Your assignment:
Leaving out the pictures, return word for word the stretch of entries below from the line holding "4.24 Carat · D · VVS1 very good Cut" through the line holding "Boardwalk Resorts - Flagship".

Provided material:
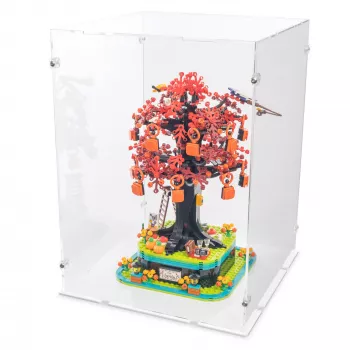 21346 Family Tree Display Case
...
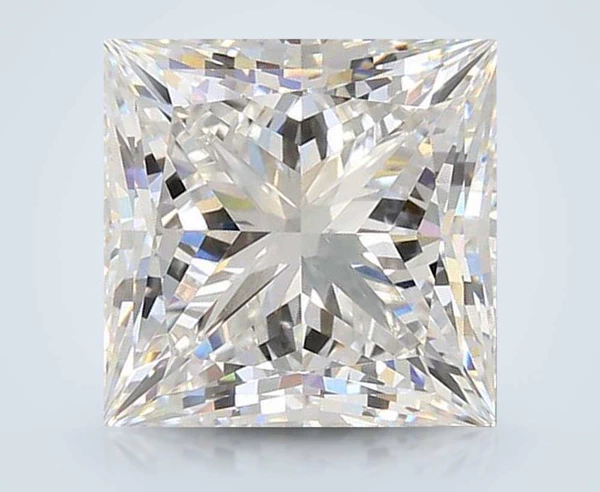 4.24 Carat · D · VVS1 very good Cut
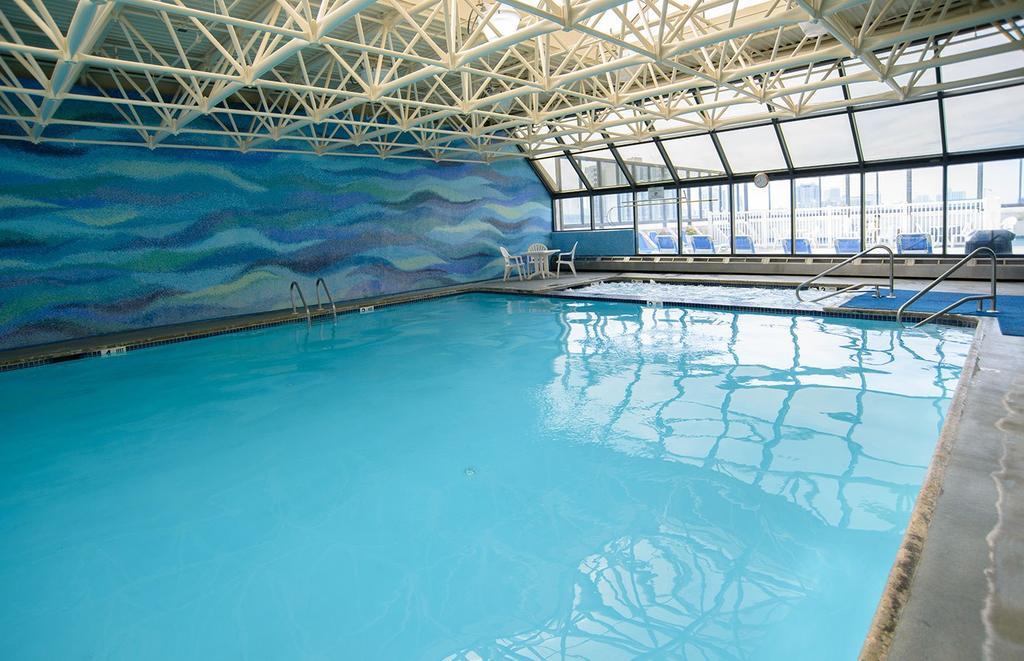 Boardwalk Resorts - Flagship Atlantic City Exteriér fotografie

Answer box:
 4.24 Carat · D · VVS1 very good Cut
 Boardwalk Resorts - Flagship Atlantic City Exteriér fotografie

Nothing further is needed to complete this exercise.